• ENTRIES PROVIDED
--------------------------------

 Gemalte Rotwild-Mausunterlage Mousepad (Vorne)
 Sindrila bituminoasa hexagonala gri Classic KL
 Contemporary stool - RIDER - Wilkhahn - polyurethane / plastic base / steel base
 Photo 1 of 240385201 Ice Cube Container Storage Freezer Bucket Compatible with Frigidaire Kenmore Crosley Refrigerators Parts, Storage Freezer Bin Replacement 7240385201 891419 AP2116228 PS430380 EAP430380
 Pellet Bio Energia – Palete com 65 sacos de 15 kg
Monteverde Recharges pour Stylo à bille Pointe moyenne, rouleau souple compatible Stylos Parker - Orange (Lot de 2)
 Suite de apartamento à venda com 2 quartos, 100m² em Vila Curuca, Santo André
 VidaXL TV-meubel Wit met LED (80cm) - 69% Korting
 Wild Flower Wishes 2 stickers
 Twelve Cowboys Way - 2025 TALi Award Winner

--------------------------------

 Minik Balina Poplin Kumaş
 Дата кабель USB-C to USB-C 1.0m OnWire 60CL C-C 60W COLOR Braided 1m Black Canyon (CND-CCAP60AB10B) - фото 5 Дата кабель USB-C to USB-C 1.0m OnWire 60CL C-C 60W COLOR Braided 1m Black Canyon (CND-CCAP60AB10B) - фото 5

--------------------------------

Look above for the line containing "Gemalte Rotwild-Mausunterlage Mousepad". Output from there through the line containing "Twelve Cowboys Way - 2025 TALi Award Winner", exactly and inclusively.

 Gemalte Rotwild-Mausunterlage Mousepad (Vorne)
 Sindrila bituminoasa hexagonala gri Classic KL
 Contemporary stool - RIDER - Wilkhahn - polyurethane / plastic base / steel base
 Photo 1 of 240385201 Ice Cube Container Storage Freezer Bucket Compatible with Frigidaire Kenmore Crosley Refrigerators Parts, Storage Freezer Bin Replacement 7240385201 891419 AP2116228 PS430380 EAP430380
 Pellet Bio Energia – Palete com 65 sacos de 15 kg
Monteverde Recharges pour Stylo à bille Pointe moyenne, rouleau souple compatible Stylos Parker - Orange (Lot de 2)
 Suite de apartamento à venda com 2 quartos, 100m² em Vila Curuca, Santo André
 VidaXL TV-meubel Wit met LED (80cm) - 69% Korting
 Wild Flower Wishes 2 stickers
 Twelve Cowboys Way - 2025 TALi Award Winner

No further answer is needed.